At the top of the stairs above the pit opens a small series of rooms to the East which were the tomb chambers of the Princess Meketaten, who died young . On the walls of these chambers we first see the usual scenes of worship, here elaborated by the presence of the foreign races of the Empire adoring the disk . Elsewhere is depicted the funeral of the princess herself, with her family mourning for her . In the train behind are the courtiers, among whom an elderly man occupies an important position . Perhaps he is Ay . The youngest princess too is there with her nurse, uninterested in the scene . Higher up the entrance corridor another series of rooms opens . These are quite unfinished, and the great dolerite and diorite pounders with which the levelling was done are still lying about .
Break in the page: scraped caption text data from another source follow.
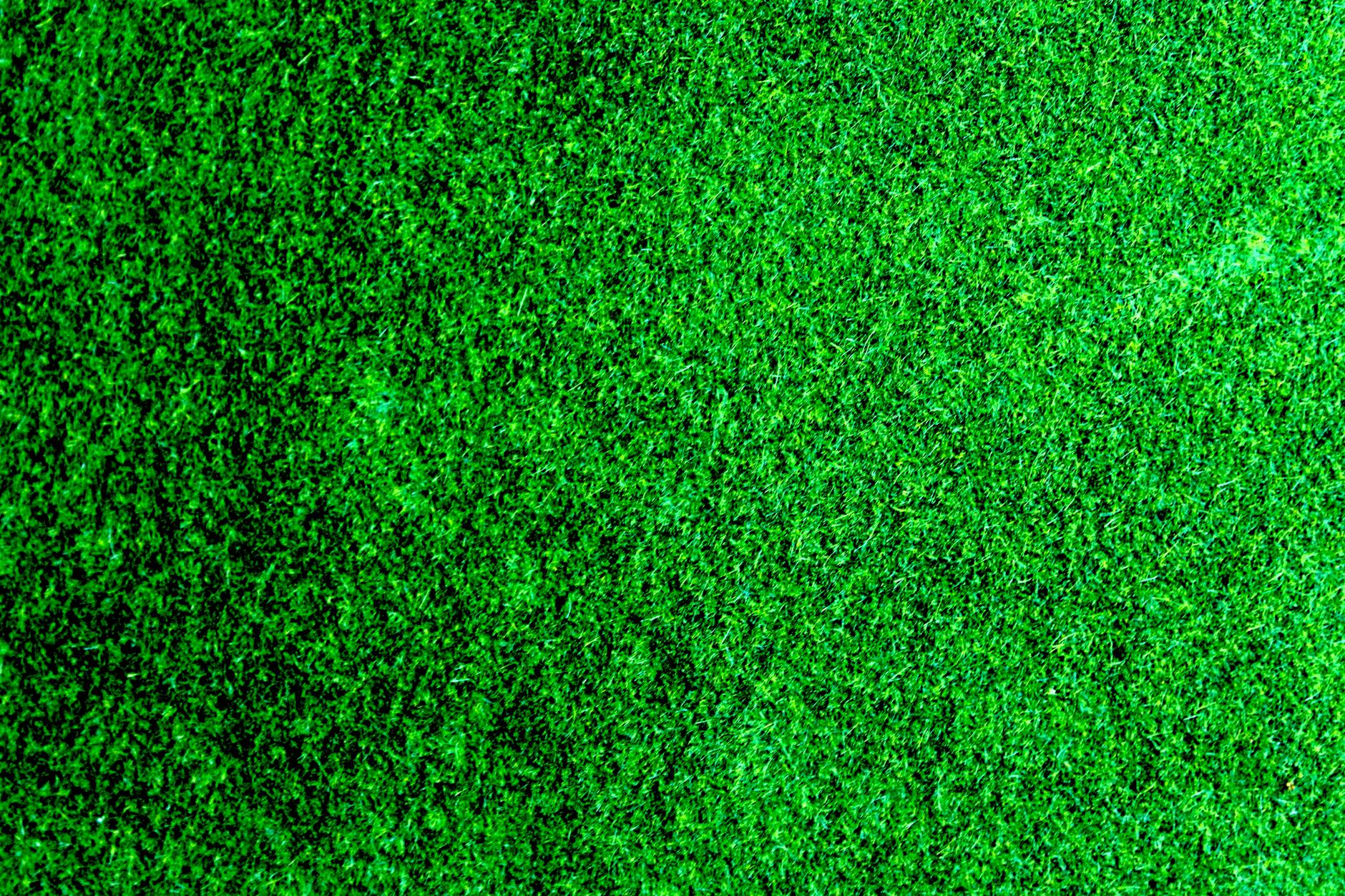 Why Your Yuba City Lawn Is Losing the War Against Invasive Weeds While You're Not Looking in Yuba City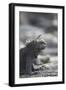 Marine Iguana-DLILLC-Framed Photographic Print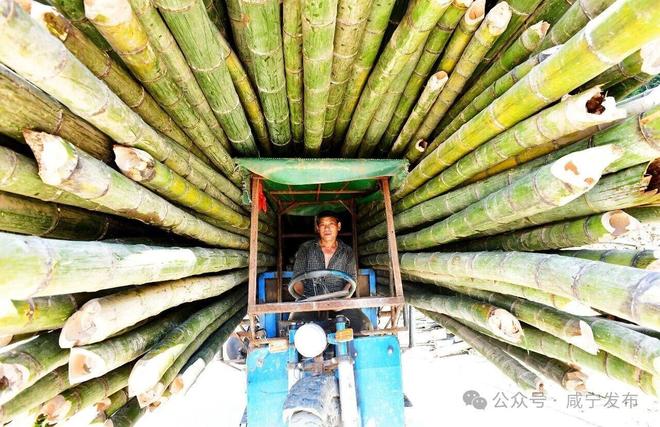 PG电子网站竹”够精彩“茶”有乾坤——咸宁特色产业链建设纪略(图2)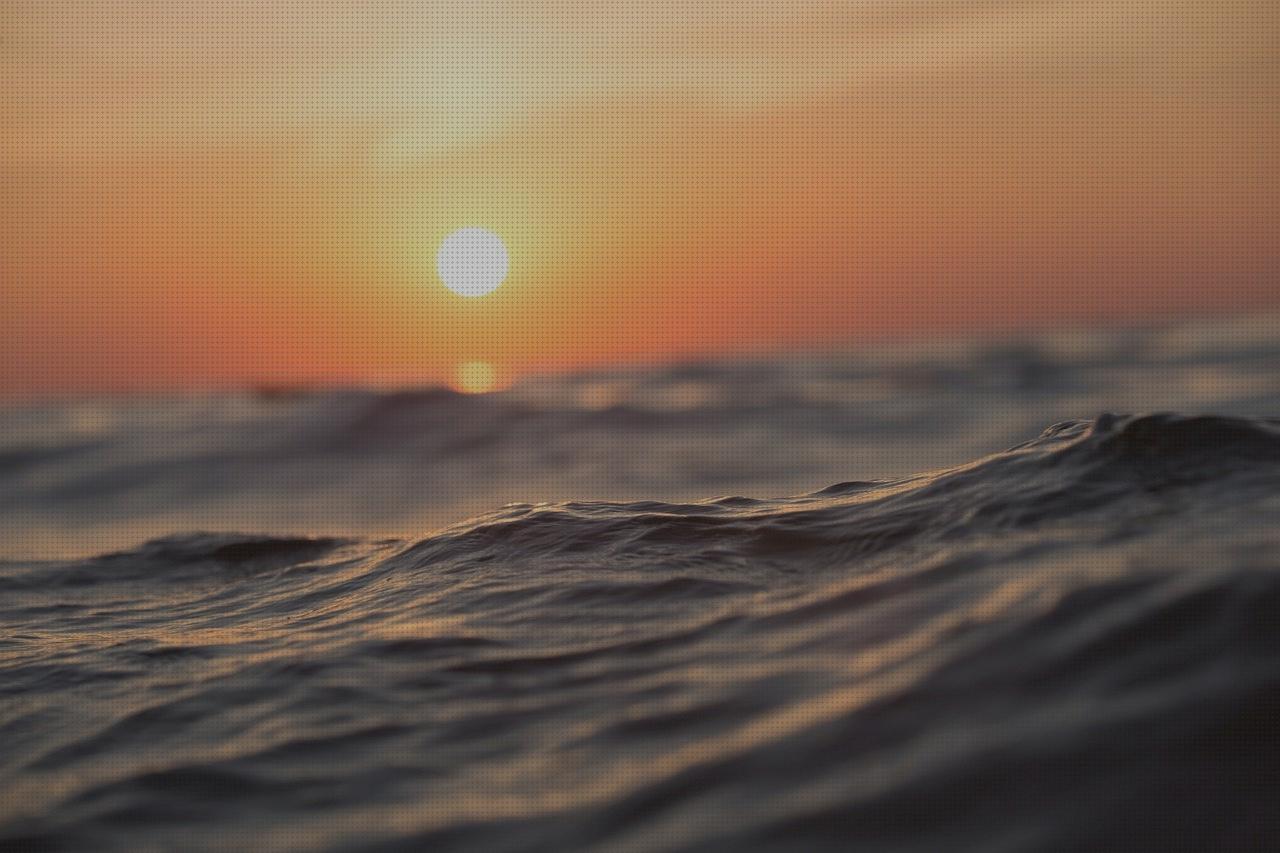¿Dónde poder comprar cal teixido estamariu habitacion con bañera hidromasaje bañera hidromasaje eco de hydrosana 185x90x68 cm bañera hidromasaje eco de hydrosana ocean bomba?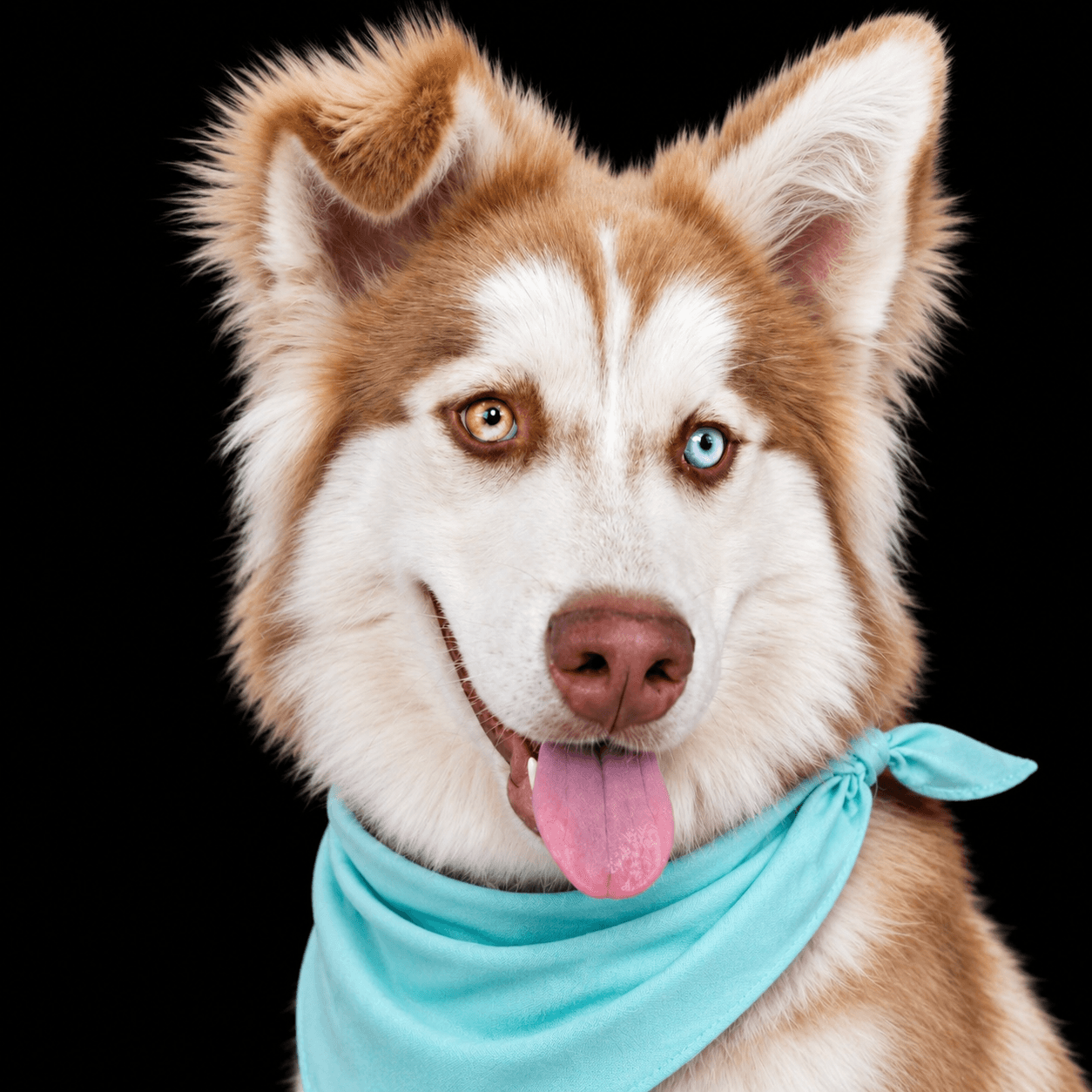 Whiskey - Husky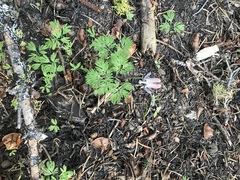 Dicentra pauciflora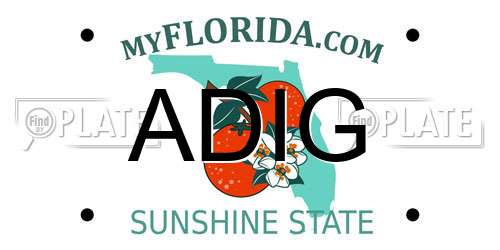 ADIG Florida License Plate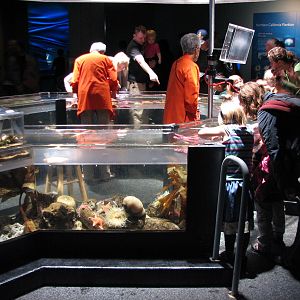California Coast - Discovery Tidepool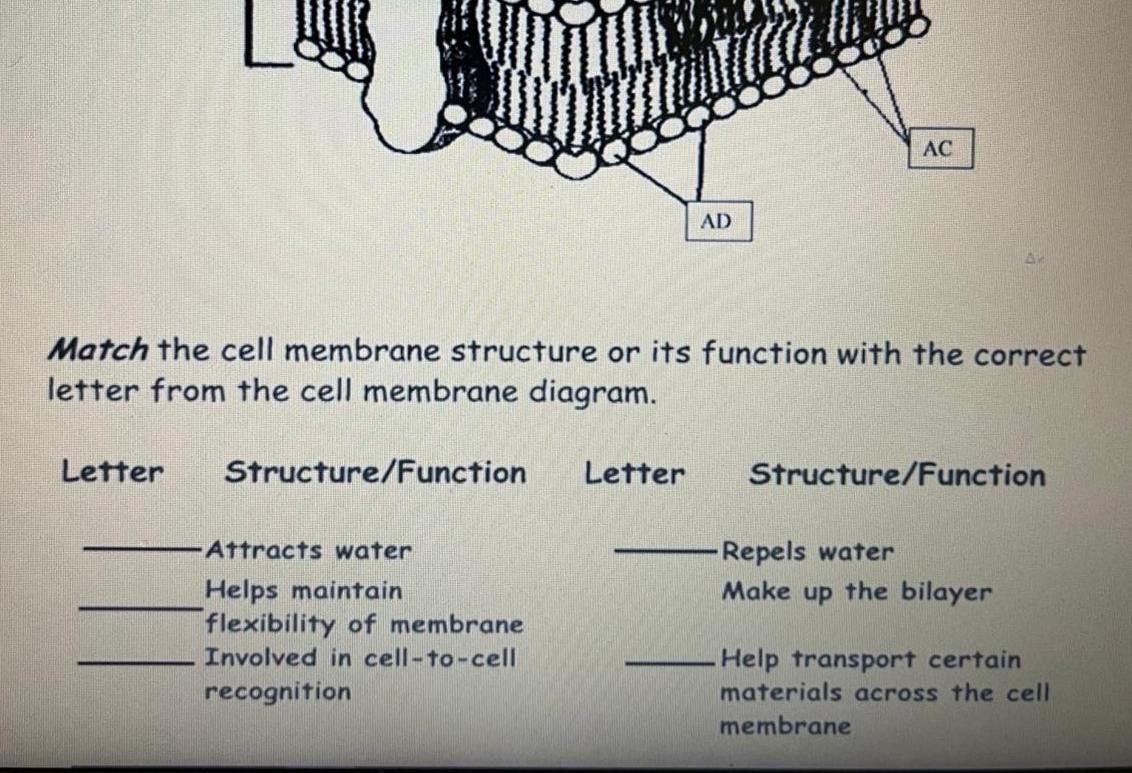 Solved 5/5 AB B AC AD Match the cell membrane structure or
Perhaps the King lost interest in the tomb after his daughter's death . Perhaps he deliberately tried to put the idea of death from him and would no longer allow work to go on there once Meketaten's chamber was finished . We shall never know . Many fragments of the pink granite sarcophagi have been found . Instead of the usual goddesses at the four corners there are figures of the Queen . Was Akhenaten ever buried here ? . The alabaster chest in which the canopic jars holding his heart and other organs were put was never used, for there is no trace on it of the stain of bitumen which was always used to seal the jars into the chest . But his ushabti figures were there and they were not put into the tomb until the funeral occurred . They may, of course, have been used for the princess, whose death must have come unexpectedly before her funeral furniture could be prepared . But it seems best to assume that Akhenaten was laid here as he intended and that his sarcophagus and probably his very body were broken up by order of his successors .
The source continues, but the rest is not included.